Absorbée dans la cité qui eut au Capitole
sa citadelle et son sanctuaire, cette Roma quadrata n'en fut plus qu'un
quartier. Au Sud-Ouest s'éleva en 295 le temple du dieu de la Victoire
(Jupiter
Victor), plus près du Forum celui du Jupiter Stator; à l'angle occidental,
celui de la Grande Mère
(191). A l'époque républicaine, le Palatin se couvrit de maisons privées
et paraît avoir été un quartier riche, par opposition aux quartiers
commerçants et populeux des fonds qui l'entouraient. Cicéron,
Hortensius,
Clodius y avaient leurs maisons; de même Auguste
et
Tibère, qui y naquirent. Aussi, à l'époque
impériale, les demeures des empereurs,
successivement agrandies, finirent, avec les temples et les annexes qu'ils
édifièrent, par couvrir la plus grande partie de la colline. Le nom même
de maison palatine finit dans l'usage courant par devenir synonyme de résidence
impériale et donna notre mot de palais (patatium). La maison d'Auguste,
embellie par les Flaviens, occupait le centre du Palatin, ayant sa façade
à l'Ouest, du coté du Forum
et de la Voie sacrée; au Nord-Est s'élevait le temple d'Apollon ;
à l'Ouest, la maison de Livie plus petite et assez bien conservée; puis
au Nord-Ouest, dominant le Forum et les rues d'accès (clivus Victoriae),
la maison de Tibère qu'une galerie couverte (cryptoporticus) reliait
à celle d'Auguste.
-
Palatin.
- Ruines du stade, ou arène de forme allongée qui servait aux courses
Ã
pied et aux luttes des athlètes. L'attribution en est d'ailleurs contestée;
et
peut-être
n'y avait-il là qu'un jardin élégant, entouré sous Septime-Sévère
d'un
gracieux
portique.
Derrière ce grand palais transformé par
Domitien
et dont on peut admirer les proportions et la grandeur dans la belle restauration
de Deglane, se trouvait le stade, bordé au Sud-Est par le palais de Septime
Sévère, terminé au-dessus du Cirque par les hauts étages du Septizonium,
qui faisait perspective au bout de la voie Appienne .
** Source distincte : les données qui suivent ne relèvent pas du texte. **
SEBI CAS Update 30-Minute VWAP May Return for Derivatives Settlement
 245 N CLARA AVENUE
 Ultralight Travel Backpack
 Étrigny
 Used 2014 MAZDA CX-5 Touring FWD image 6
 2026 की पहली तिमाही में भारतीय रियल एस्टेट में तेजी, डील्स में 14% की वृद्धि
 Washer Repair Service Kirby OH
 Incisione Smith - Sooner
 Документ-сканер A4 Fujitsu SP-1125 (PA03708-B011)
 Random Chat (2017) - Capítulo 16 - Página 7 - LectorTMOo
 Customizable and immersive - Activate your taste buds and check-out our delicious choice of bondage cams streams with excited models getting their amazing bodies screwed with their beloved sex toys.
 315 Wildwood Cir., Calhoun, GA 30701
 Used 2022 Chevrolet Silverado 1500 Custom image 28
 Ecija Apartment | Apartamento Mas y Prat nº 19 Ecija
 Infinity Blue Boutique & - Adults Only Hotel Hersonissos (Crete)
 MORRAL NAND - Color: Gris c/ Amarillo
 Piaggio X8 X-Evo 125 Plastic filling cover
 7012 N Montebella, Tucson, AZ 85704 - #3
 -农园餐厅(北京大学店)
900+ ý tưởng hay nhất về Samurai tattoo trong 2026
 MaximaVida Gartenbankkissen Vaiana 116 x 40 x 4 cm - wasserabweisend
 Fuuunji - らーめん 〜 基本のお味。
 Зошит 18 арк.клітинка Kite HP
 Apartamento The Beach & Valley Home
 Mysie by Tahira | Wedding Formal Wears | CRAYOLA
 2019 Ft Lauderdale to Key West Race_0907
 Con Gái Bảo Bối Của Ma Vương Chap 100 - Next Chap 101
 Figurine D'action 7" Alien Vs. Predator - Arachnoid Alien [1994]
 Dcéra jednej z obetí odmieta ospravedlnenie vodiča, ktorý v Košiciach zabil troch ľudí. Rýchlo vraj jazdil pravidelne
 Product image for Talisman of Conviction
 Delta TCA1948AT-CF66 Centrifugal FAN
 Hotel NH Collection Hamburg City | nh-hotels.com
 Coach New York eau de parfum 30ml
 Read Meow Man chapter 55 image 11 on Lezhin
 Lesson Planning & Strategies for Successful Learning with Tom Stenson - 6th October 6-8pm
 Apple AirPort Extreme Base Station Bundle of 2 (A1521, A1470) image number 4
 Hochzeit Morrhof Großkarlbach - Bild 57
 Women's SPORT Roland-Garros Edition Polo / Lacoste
Ces palais impériaux furent édifiés par les premiers Césars, par les
Flaviens et par les Sévères, Néron seul, rêvant
pour sa majesté un cadre plus vaste, étala sa Maison Dorée entre, le
Palatin et l'Esquilin ;
le dernier empereur qui ait fait construire
sur le Palatin fut Alexandre Sévère.
A partir du IIIe siècle, ces palais furent
délaissés; au Ve, ils furent pillés
par les Goths, les Vandales;
Odoacre
et Théodoric les habitèrent encore quelque
temps, puis on les laissa tomber en ruines. Ils servirent de carrière,
on y vint puiser des morceaux d'architecture, des colonnes, de simples
pierres, surtout lors des grandes construction de la Renaissance ,
si fatales aux édifices antiques. Sixte-Quint fit démolir le Septizonium;
des couvents; des jardins, des vignes
se partagèrent le sommet et les pentes du Palatin. Au Nord-Ouest, étaient
les jardins Farnèse, au milieu la villa Mills, Saint-Bonaventure, Saint-Sébastien,
et au-dessus de la Voie sacrée la vigne Barberini. Pie
IX racheta la plupart des propriétés privées. Napoléon
III acquit les jardins Farnèse et les fit fouiller par Rosa. Le gouvernement
italien continua par la suite ces fouilles et dégagea la surface à l'exception
de la villa Mills, c.-à -d. du Nord à l'Ouest, et au Sud.